The listing below should be printed in full and exactly, apart from its images.

*Data below*:
**********

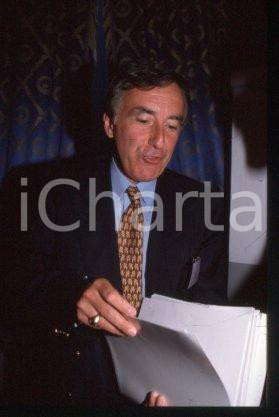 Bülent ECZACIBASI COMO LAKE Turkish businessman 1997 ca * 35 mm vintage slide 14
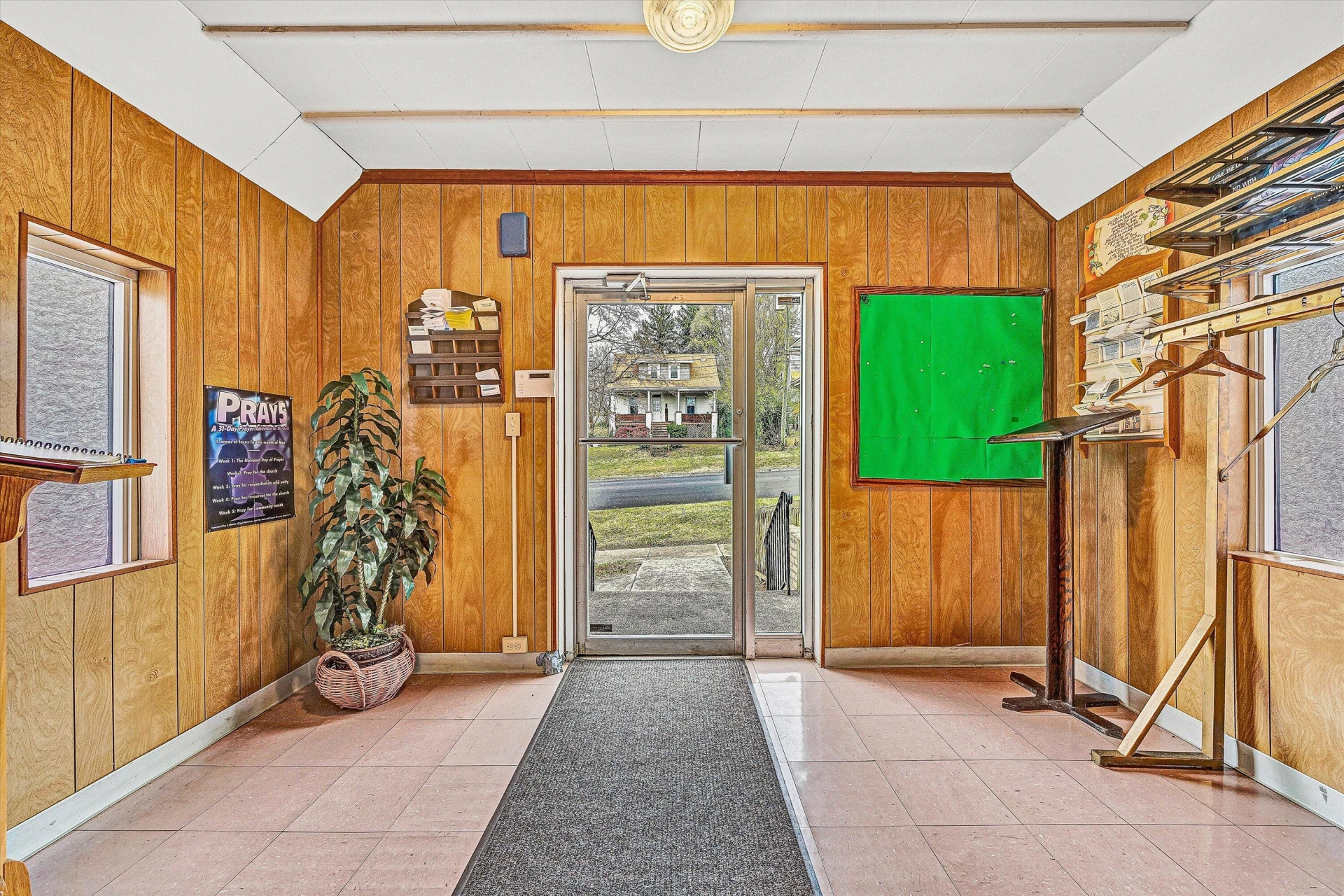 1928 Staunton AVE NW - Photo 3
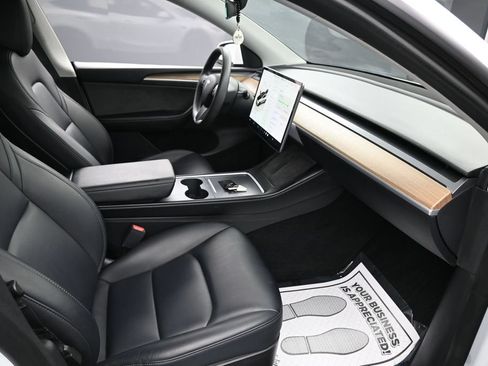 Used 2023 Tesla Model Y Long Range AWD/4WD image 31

**********

*Task solution*:
 Bülent ECZACIBASI COMO LAKE Turkish businessman 1997 ca * 35 mm vintage slide 14
 1928 Staunton AVE NW - Photo 3
 Used 2023 Tesla Model Y Long Range AWD/4WD image 31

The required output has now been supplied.